Il considérait le rôle de l'enseignant, et donc aussi le sien, comme étant responsable de maintenir la lecture correcte de l'écrit, tant dans l'exposition que dans la dissimulation, comme dans l'enseignement oral et ses écrits. Selon sa méthode, le pouvoir d'une étude attentive est un appel à découvrir une autre écriture, une écriture ancienne et scellée sur le visage d'une personne. Si l'on est attentif et méticuleux dans l'étude des écritures, on peut révéler ce qui est écrit sur le visage de chaque individu.
M. Shoshani décrit une relation particulière entre l'astronomie et l'écriture. Il perçoit le système céleste comme un système parallèle à celui de l'écriture. Le système de signes de la roue zodiacale est pour lui une sorte de résumé des possibilités structurelles de l'écriture, combinant leurs formes résonantes avec des formes géométriques.
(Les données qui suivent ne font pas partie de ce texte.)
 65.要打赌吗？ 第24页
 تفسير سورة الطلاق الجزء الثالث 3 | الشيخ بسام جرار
En d'autres termes, le scribe transcende le langage humain pour atteindre le langage pur du ciel. La capacité du scribe à dépasser la langue parlée par les humains crée un lien direct entre la réalité écrite et gravée et le monde céleste.
Shoshani insiste sur la préservation de l'écrit, car pour lui, l'écriture exprime ce qui est au-delà du langage parlé. Elle capture et fixe ce qui dépasse le langage quotidien. En d'autres termes, nos inscriptions et nos écrits sont des expressions directes de réalités sublimes.